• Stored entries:
________________________________________
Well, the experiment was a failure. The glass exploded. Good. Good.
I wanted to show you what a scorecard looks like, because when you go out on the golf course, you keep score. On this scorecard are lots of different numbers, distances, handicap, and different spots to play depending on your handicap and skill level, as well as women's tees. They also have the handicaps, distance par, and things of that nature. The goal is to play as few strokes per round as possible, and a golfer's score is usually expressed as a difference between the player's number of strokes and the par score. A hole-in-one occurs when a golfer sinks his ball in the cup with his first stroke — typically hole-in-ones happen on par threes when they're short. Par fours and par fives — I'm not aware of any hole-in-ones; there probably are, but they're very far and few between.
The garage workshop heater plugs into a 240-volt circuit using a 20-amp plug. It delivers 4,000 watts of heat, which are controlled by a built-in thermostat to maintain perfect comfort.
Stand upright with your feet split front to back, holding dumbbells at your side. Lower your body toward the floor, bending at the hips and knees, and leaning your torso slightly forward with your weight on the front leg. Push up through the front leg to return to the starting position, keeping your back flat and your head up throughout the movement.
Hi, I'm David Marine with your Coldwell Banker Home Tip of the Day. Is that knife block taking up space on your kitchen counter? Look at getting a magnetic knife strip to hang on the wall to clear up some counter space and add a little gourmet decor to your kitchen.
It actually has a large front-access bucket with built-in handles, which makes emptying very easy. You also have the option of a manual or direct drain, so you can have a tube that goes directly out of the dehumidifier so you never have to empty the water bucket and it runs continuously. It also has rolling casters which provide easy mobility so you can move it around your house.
________________________________________
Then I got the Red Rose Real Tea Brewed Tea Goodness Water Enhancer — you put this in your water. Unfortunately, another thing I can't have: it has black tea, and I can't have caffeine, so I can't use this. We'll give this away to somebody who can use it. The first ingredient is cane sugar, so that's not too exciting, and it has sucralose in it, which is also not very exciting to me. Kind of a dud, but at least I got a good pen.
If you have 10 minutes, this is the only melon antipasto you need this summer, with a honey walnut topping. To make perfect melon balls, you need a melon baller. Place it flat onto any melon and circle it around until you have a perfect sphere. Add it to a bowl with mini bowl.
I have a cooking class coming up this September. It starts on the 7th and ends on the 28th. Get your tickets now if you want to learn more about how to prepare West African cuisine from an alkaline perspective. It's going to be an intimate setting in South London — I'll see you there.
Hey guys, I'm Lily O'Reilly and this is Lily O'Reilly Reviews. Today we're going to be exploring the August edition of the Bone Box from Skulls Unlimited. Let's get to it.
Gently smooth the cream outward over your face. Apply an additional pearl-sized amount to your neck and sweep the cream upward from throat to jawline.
________________________________________
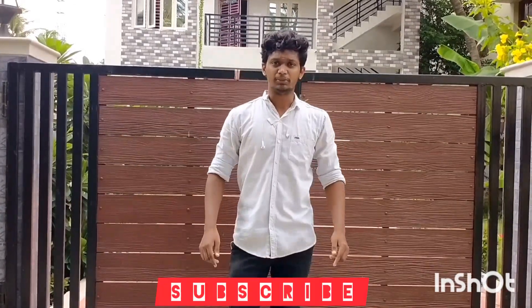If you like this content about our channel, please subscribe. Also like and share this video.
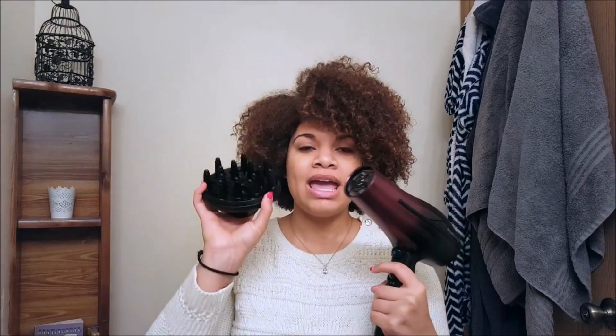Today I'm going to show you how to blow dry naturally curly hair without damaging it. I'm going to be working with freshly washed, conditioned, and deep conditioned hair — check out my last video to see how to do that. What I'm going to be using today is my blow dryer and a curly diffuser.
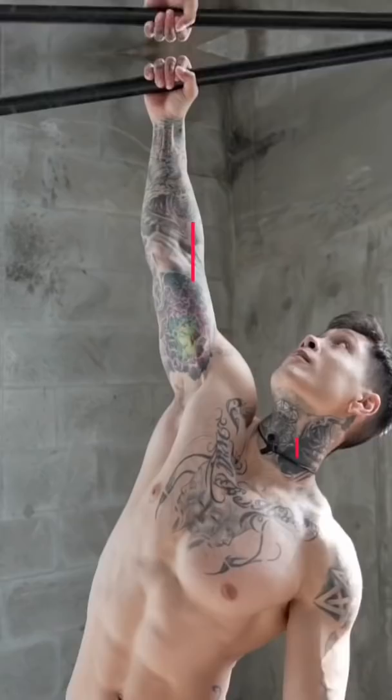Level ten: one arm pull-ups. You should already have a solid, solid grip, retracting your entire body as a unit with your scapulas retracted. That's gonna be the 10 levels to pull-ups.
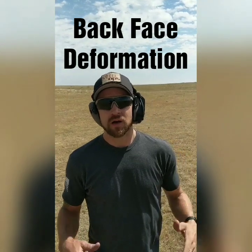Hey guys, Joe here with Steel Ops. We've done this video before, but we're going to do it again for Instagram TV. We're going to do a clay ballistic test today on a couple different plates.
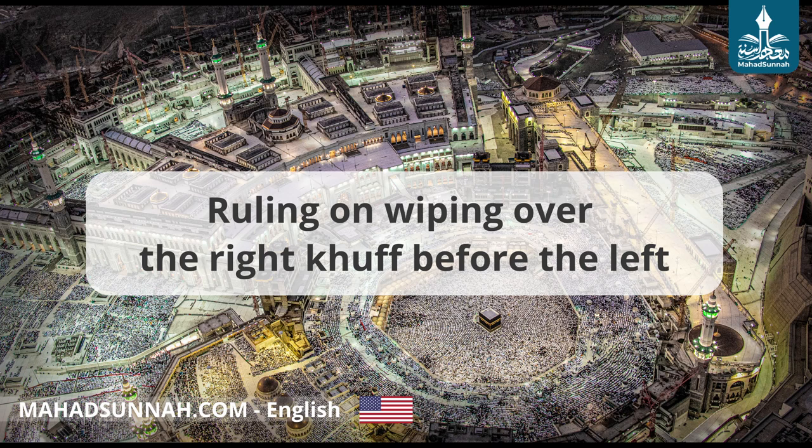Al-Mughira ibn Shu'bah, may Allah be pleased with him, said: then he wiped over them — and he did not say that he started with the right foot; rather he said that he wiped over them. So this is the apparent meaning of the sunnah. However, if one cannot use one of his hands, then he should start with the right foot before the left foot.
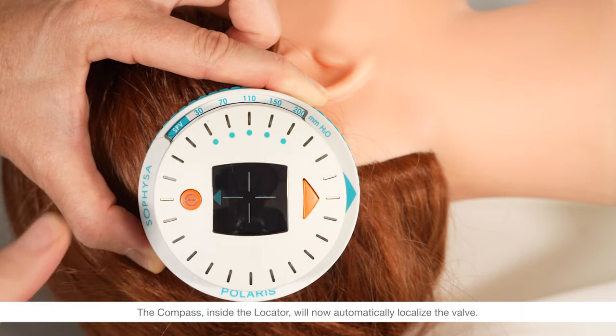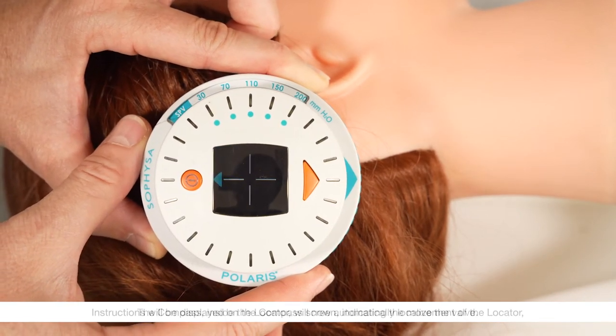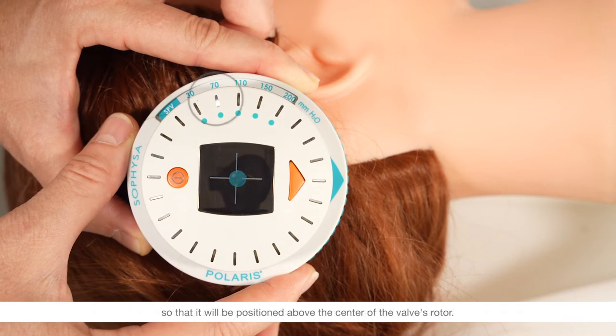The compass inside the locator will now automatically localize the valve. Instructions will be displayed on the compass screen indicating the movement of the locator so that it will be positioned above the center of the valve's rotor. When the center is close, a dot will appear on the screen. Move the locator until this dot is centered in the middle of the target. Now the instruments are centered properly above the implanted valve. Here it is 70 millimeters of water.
________________________________________
• Your task: The response must repeat exactly the lines above from the one with "Today I'm going" through the one with "Al-Mughira ibn Shu'bah, may", including both, and must contain no pictures and no other text.

• Response:
Today I'm going to show you how to blow dry naturally curly hair without damaging it. I'm going to be working with freshly washed, conditioned, and deep conditioned hair — check out my last video to see how to do that. What I'm going to be using today is my blow dryer and a curly diffuser.
Level ten: one arm pull-ups. You should already have a solid, solid grip, retracting your entire body as a unit with your scapulas retracted. That's gonna be the 10 levels to pull-ups.
Hey guys, Joe here with Steel Ops. We've done this video before, but we're going to do it again for Instagram TV. We're going to do a clay ballistic test today on a couple different plates.
Al-Mughira ibn Shu'bah, may Allah be pleased with him, said: then he wiped over them — and he did not say that he started with the right foot; rather he said that he wiped over them. So this is the apparent meaning of the sunnah. However, if one cannot use one of his hands, then he should start with the right foot before the left foot.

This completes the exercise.